Wired has an interesting profile today on Lisa Jackson, former head of the Environmental Protection Agency who joined Apple in June last year to oversee environmental issues. The publication joined Jackson as she traveled to Apple’s new data center outside of Reno, Nevada, and through the interview offers some interesting insight into what Jackson is trying to accomplish at Apple. The interview with Jackson is landing just as Apple is set to celebrate Earth Day tomorrow and make some new environmental related announcements:

The teams Jackson works with at Apple tackle product related issues such as the materials which make up Apple’s devices (they must require minimal energy to extract, be as recyclable as possible, and be free of conflict minerals); the packaging that strives for the X-ray thin-ness of an iPad side view; and the manufacturing process, where Apple attempts to suppress the wasteful instincts of suppliers and partners in countries like China.
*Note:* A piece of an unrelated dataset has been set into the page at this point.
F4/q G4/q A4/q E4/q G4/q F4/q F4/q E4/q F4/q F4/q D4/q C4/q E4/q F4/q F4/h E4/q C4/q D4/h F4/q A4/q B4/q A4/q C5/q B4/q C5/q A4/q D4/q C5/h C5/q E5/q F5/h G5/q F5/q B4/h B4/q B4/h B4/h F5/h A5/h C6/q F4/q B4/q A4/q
Spending a day with Jackson entails considerable discussion of progress the company has made in these domains, as well as an acknowledgement of what needs to be done. (She agrees with Greenpeace that there’s plenty of work to do in China.)
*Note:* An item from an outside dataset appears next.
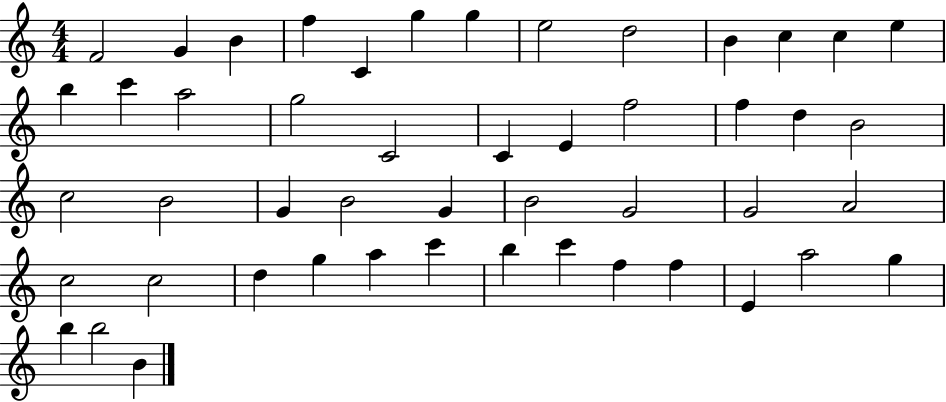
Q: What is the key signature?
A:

Since last checking in, Jackson said Apple is approaching its goal of powering all its facilities on 100 percent renewable energy. It’s now at 94 percent renewable energy in its data centres and corporate campuses. That’s up from the 75 percent it reported on its renewable energy website just a couple days ago and 35 percent in 2010. Apple’s next goal for renewable energy will be for its retail stores and it’s about to announce it’s already powering 120 of its over 400 stores with renewable energy. All the locations are in the U.S. and include some of its flagship locations like the Fifth Avenue store and Palo Alto. 

The next step is to extend the efforts to its retail stores…In this accounting, Apple does not include the manufacturing, transport, and use of its actual products, which accounts for 98 percent of its carbon footprint. Still, its accomplishment on facilities, particularly data centers, is significant… Apple is announcing that more than 120 of its American stores are powered solely by renewables, including flagship sites like Palo Alto, Chicago’s North Michigan Ave, and New York’s Fifth Avenue.
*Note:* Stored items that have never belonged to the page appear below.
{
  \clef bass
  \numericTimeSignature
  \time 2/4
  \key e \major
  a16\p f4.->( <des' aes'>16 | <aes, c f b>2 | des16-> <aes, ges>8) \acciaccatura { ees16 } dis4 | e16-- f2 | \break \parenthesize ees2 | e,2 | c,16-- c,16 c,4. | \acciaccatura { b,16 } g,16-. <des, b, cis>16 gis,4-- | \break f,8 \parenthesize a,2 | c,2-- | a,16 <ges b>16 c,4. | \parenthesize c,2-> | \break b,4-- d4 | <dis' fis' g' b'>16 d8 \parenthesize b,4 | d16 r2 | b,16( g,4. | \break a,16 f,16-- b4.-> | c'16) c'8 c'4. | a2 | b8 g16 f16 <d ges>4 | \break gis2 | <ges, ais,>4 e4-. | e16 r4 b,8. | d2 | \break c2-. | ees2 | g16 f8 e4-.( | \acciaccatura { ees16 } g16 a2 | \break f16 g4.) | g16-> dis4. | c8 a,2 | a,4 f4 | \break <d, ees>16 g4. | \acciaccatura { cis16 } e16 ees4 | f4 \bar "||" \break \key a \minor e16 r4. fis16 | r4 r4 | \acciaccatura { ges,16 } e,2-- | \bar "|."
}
The full piece is an interesting read on Apple’s new head of environmental initiatives and includes more on Jackson’s first day (and traditional lunch with Tim Cook), Apple’s new and upcoming efforts at its data center and solar operations, and much more. Apple looks to be updating its Renewable Energy page with the new stats as we speak and just launched a new Environmental website with updated stats, videos of its data centers and new campus, and a letter from Lisa Jackson on Apple’s environmental initiatives.